Task description
What is needed is an exact copy of the lines in the entries below from the one holding "Chapter 1.2 - halaman 7" through the one holding "Géopolitique du réchauffement", pictures excluded.

Data shown
********
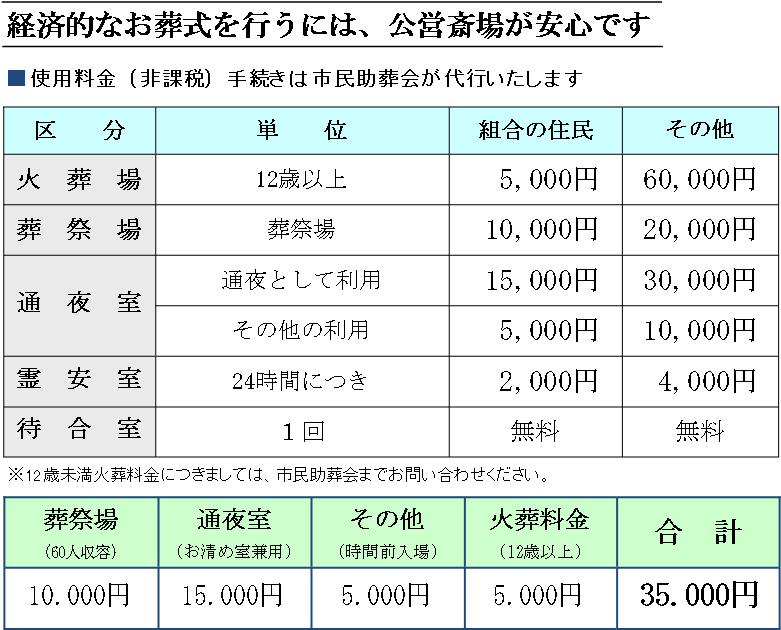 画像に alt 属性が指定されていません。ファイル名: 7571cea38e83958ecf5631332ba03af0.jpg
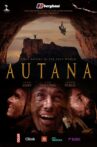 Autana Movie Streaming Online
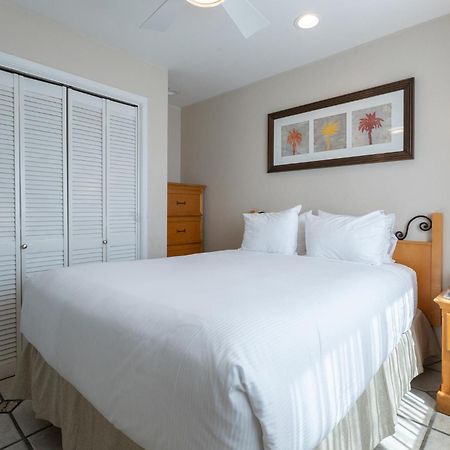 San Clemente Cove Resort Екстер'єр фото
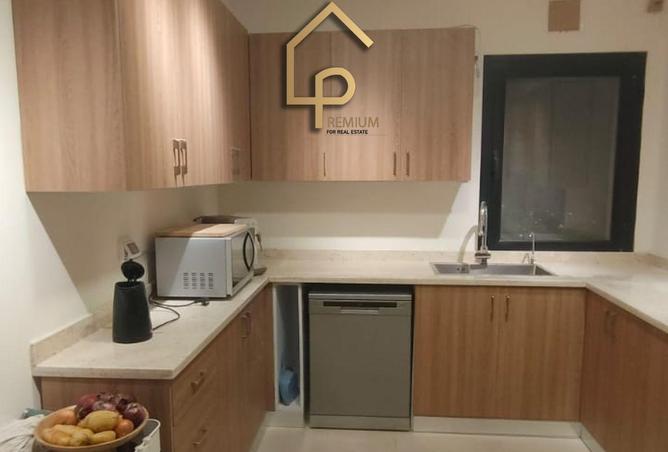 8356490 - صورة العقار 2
********
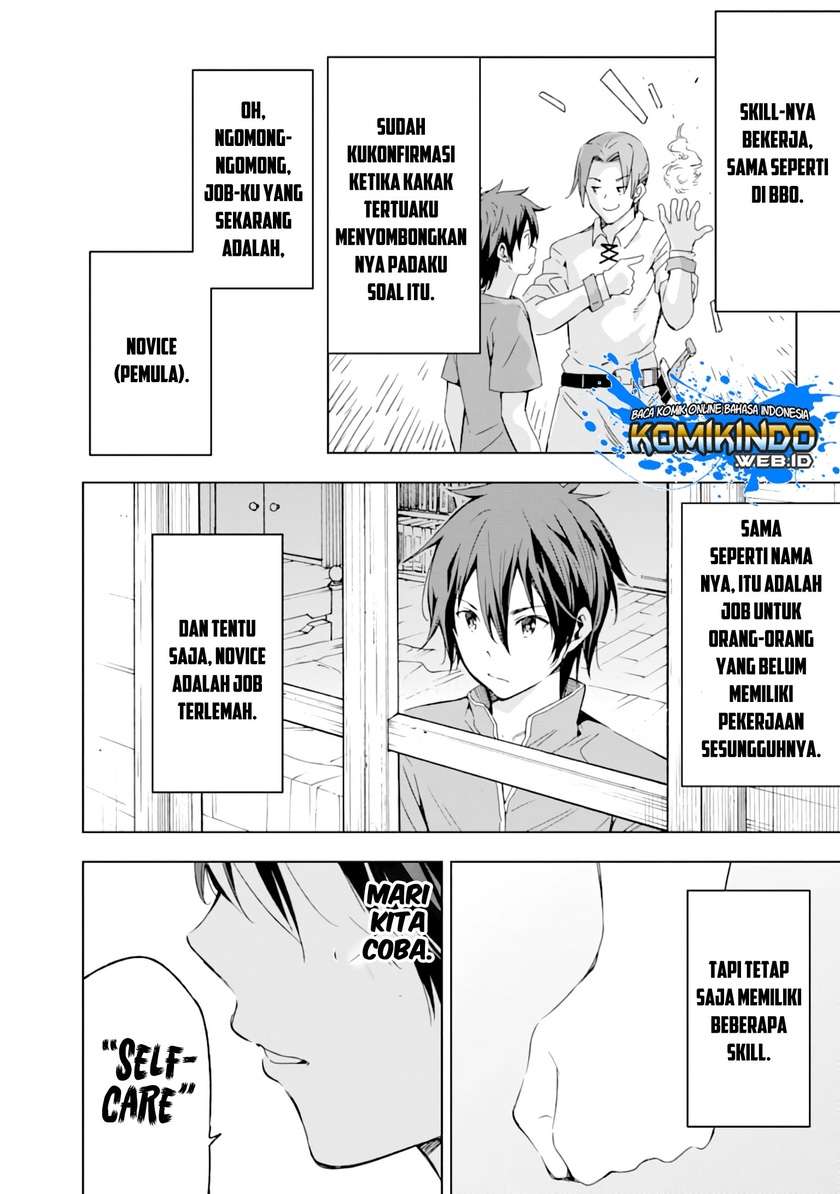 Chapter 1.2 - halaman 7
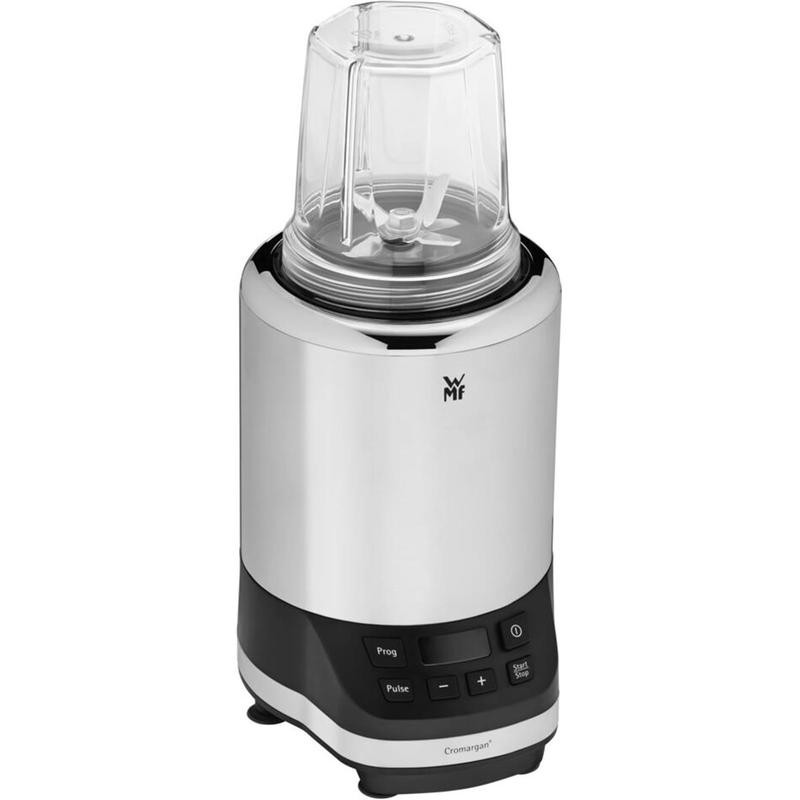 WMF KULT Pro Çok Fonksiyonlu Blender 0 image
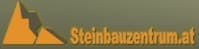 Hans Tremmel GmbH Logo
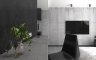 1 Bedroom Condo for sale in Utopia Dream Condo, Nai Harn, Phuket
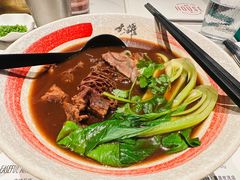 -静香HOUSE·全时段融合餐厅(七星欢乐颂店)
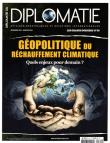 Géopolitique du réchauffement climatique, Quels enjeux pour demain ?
********
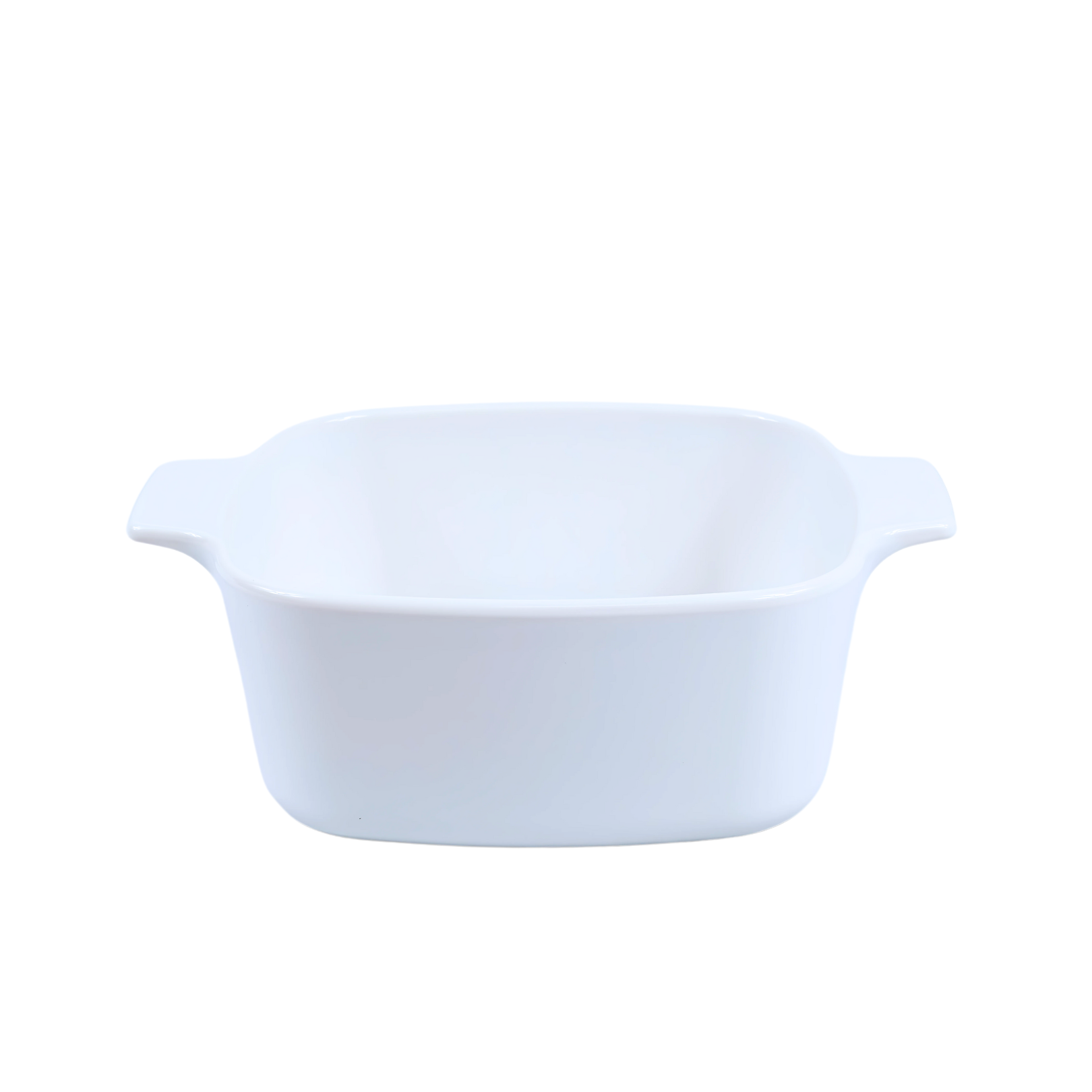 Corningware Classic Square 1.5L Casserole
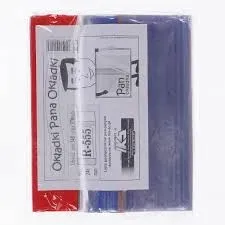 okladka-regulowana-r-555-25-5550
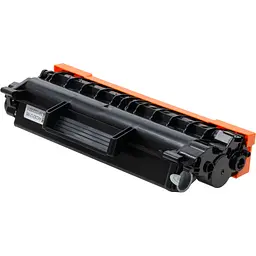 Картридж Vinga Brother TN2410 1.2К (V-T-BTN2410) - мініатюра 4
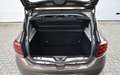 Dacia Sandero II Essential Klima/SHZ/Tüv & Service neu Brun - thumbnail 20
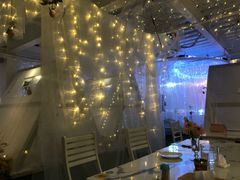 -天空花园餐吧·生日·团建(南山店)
********
Answer box
 Chapter 1.2 - halaman 7
 WMF KULT Pro Çok Fonksiyonlu Blender 0 image
 Hans Tremmel GmbH Logo
 1 Bedroom Condo for sale in Utopia Dream Condo, Nai Harn, Phuket
 -静香HOUSE·全时段融合餐厅(七星欢乐颂店)
 Géopolitique du réchauffement climatique, Quels enjeux pour demain ?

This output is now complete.